O diretor de cartões do Santander, Rodrigo Cury, diz que há uma conceituação equivocada nas previsões sobre a extinção dos cartões de crédito e débito. Na verdade, a tecnologia por trás dos plásticos, a dos chips, é que será trocada por novos códigos digitais. Mas toda a infraestrutura que hoje sustenta os plásticos - bandeiras, redes credenciadoras, bancos emissores e empresas garantidoras do sistema - será a mesma. Ou seja, os novos dispositivos não terão a forma de cartão, mas serão tão confiáveis e seguros quanto, e mais práticos e baratos, de preferência sem tarifa.

"Você vai à praia e não quer levar nem sua carteira nem seu celular. Entra no mar e depois quer tomar uma água de coco. Sem problema: você paga com sua pulseira à prova d'água", exemplifica Cury.

Percival Jatobá, vice-presidente de produtos, soluções e inovação da Visa, acredita que os tradicionais meios de pagamento, como dinheiro, cheque e cartões, irão conviver amistosamente com as novas tecnologias eletrônicas de pagamento por aproximação e as transferências instantâneas de recursos. "Sempre haverá espaço para todos os instrumentos", diz o executivo. "No centro de qualquer projeto ou expectativa de futuro, prevalece sempre a necessidade do cliente. Mesmo com o avanço das novas tecnologias, o costume do uso do plástico precisa ser respeitado e conservado."

Marcelo Kopel, diretor do Itaú Unibanco, enfatiza a atuação do mercado em função do interesse e dos desejos dos clientes. "Há diferentes perfis de clientes. Cada um terá a solução digital de pagamento que melhor lhe convier", diz.

Apesar do ritmo vertiginoso de criação de novos dispositivos de pagamento, não se pode vislumbrar ainda um ambiente que dispense a presença dos bancos. Por mais que as inovações insistam nos mecanismos de transferência com um mínimo de intermediação, a guarda dos valores que fornecem o lastro das operações persistirá nas instituições. "Por questões de rastreabilidade, segurança e autenticidade, garantindo-se que nenhuma transação será anônima, a presença de uma instituição, cujo risco e solidez são atestados pelo Banco Central, deverá continuar imprescindível", afirma Jatobá.

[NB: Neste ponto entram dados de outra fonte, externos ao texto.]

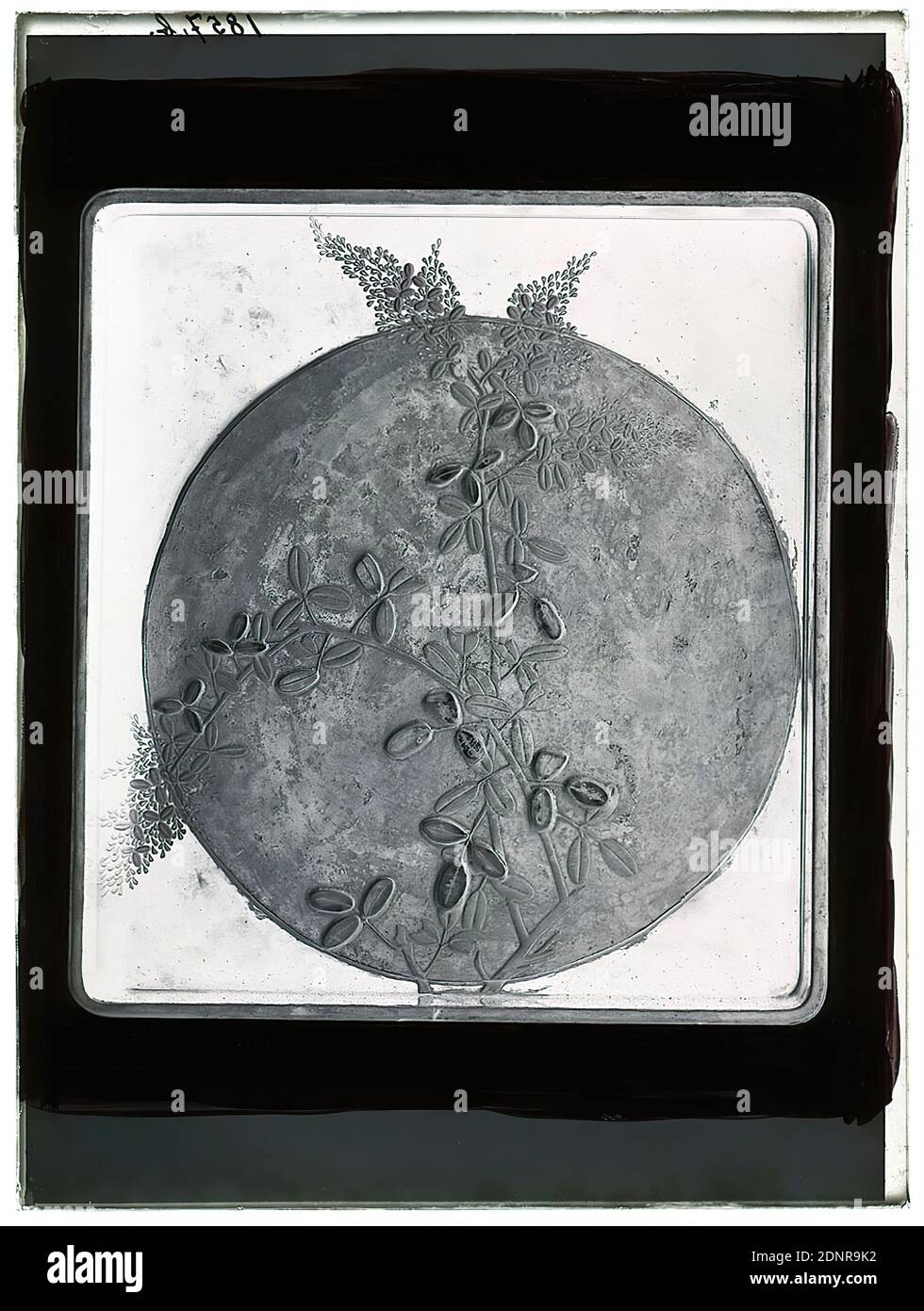 Wilhelm Weimar, couverture intérieure, boîte en papier avec paire de cerfs et d'érable (shikishibako), négatif en verre, négatif noir et blanc, procédé total: Hauteur: 23.8 cm; largeur: 17.8 cm, numéroté: Haut à gauche: En encre noire: 1857,b, oeuvre d'art appliqué (laque), contenant, ornements végétaux, lune, coffre, boîte, caisse, artisanat, art et artisanat, dessin industriel Banque D'Images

O BC é um entusiasta do uso dos meios eletrônicos de pagamentos, pois representam economia de custos com papel moeda, são difíceis de fraudar e ampliam a arrecadação de impostos. O diagnóstico da autoridade é de que ainda é exagerado o uso do dinheiro em espécie para pagamentos de serviços e movimentações entre pessoas físicas.
Pela posição do dia 23, o meio circulante (cédulas de papel e moedas) atingia R$ 229,3 bilhões. O BC defende a intensificação dos mecanismos que permitem a realização de pagamentos imediatos. Eles ajudam a contrabalançar as deficiências tanto das transferências de crédito via TED ou DOC (tarifas elevadas, dificuldade de endereçamento e ausência de confirmação das transações) quanto dos próprios cartões de crédito e débito (custos elevados e demora de entrega dos recursos ao beneficiário final).

Já os pagamentos instantâneos podem ser feitos em tempo real durante 24 horas por dia, 7 dias por semana e em todos os dias do ano. A movimentação se processa em poucos segundos entre contas correntes, salário, poupança ou de pagamento. Pode ser feita entre todos os agentes. E são necessários apenas um smartphone, uma conta em um prestador de serviço de pagamento (os PSP: bancos tradicionais, digitais, cooperativas, instituições de pagamento, fintechs, etc.) e o aplicativo deste PSP.
 
Começa-se, desta forma, a equacionar o dilema de como reduzir o pagamento em dinheiro derivado do fato de que quase 60 milhões de pessoas não têm conta em banco.